Katie was a formidable figure for 18 years at Apple and I worked closely with her for most of that time. She was a key partner to Steve Jobs, who trusted her judgement.
[…]
Katie brilliantly led the media strategy for the historic run of big products during Jobs’s second tenure running Apple.
[…]
She had a big impact on Apple and the tech media and built a great team.
Kinda feels like Katie Cotton passing should be front-page Apple memorial material.
See also: Mark Gurman.
Update (2023-05-08): Richard Sandomir:
Ms. Cotton, who built a culture of mystery by saying relatively little, if anything, to reporters, joined Apple in 1996 and began working with Mr. Jobs the next year, soon after he returned to the company after 12 years away. Apple was in poor financial shape at the time, but Ms. Cotton worked with him to engineer a striking turnaround.

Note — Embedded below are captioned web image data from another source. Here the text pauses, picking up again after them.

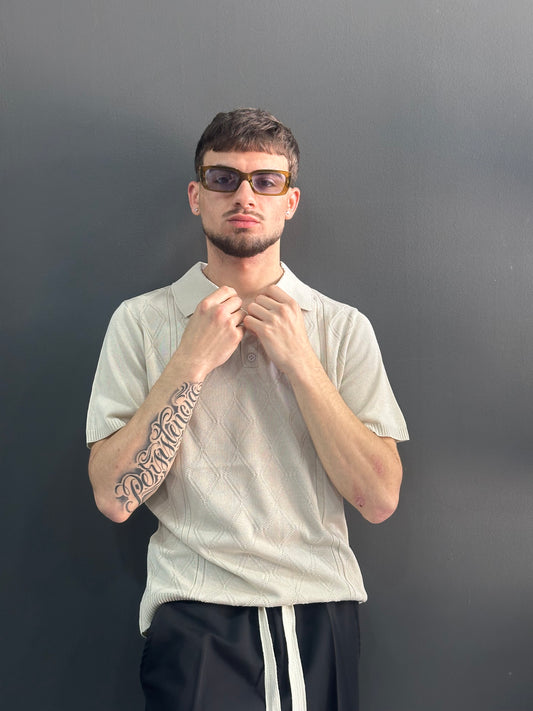 Polo in Filo | Beige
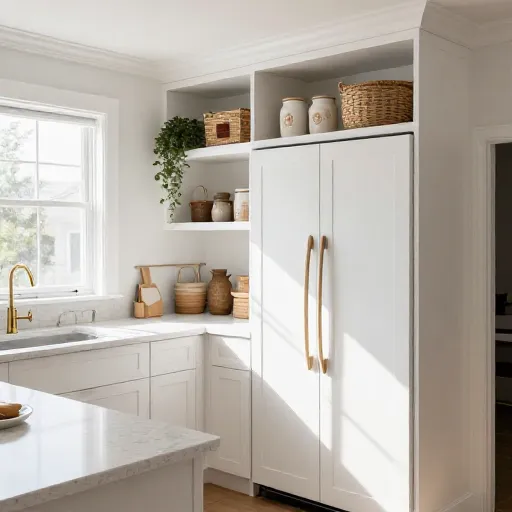 14 Smart Above Fridge Cabinet Ideas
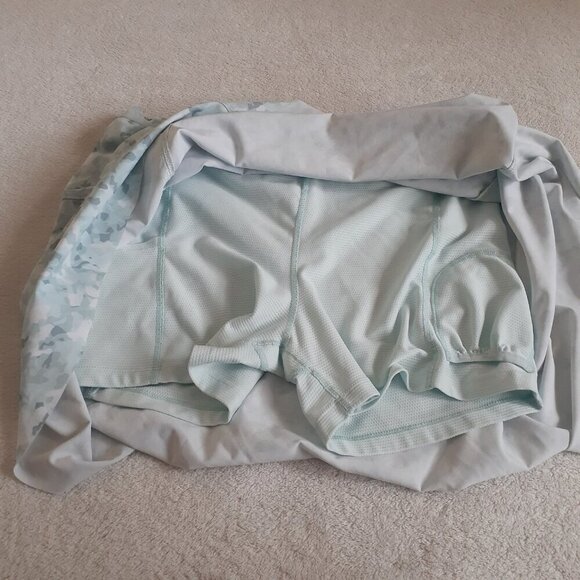 Athleta Girl Girl's Size XXL/16 Teal Camo Game Point Tennis Active Skort - Picture 5 of 11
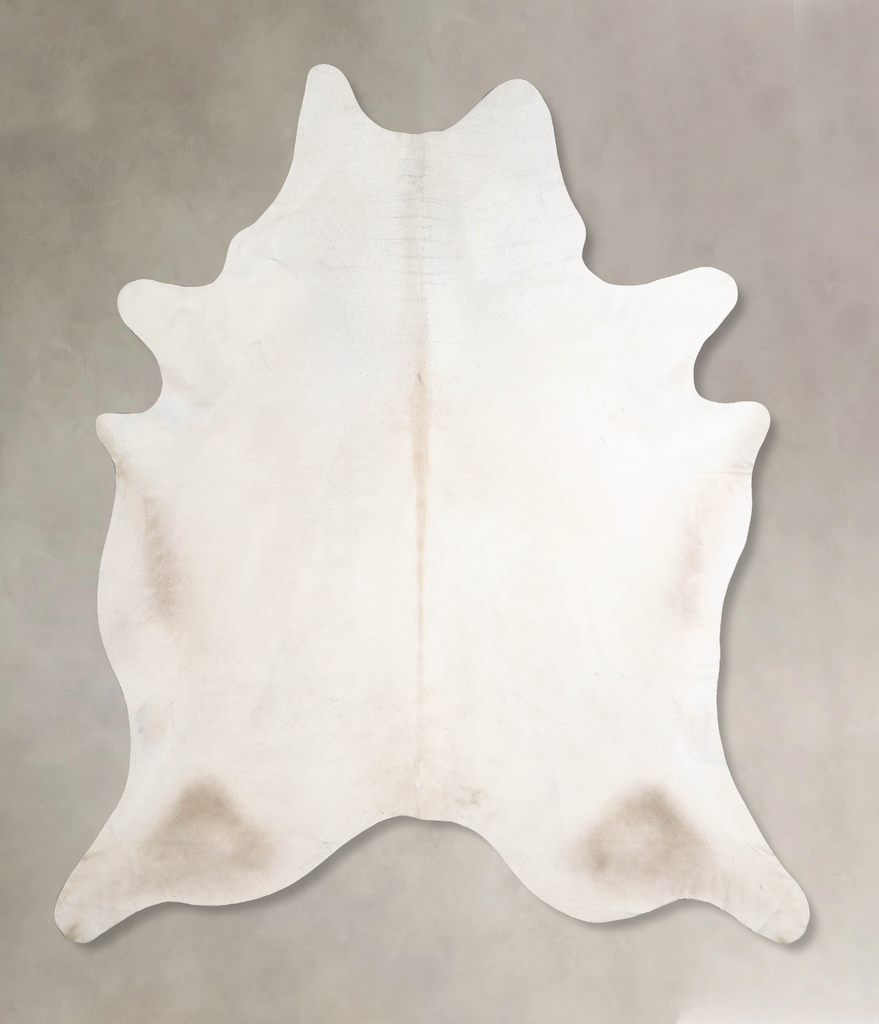 Ivory with Beige XX-Large Brazilian Cowhide Rug 8'5"H x 7'2"W #A47244 by Hudson Hides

Together they crafted a tightly controlled public relations strategy as the company recovered from steep losses and turned out one successful product after another, including the iMac desktop computer and innovative digital devices like the iPod, the iPhone and the iPad.
[…]
“She was accessible, she was a point of contact,” said John Markoff, a former technology reporter for The New York Times, “but sometimes it was hand-to-hand combat if they wanted to convey a story to the world and it wasn’t the story I wanted to tell.”
[…]
Richard Stengel, a former managing editor of Time magazine, said in an email that Mr. Jobs “would call me five or six times in a day to tell me I should do a story or not,” and that Ms. Cotton would “frequently call right after and gently apologize or pull back something he had said.”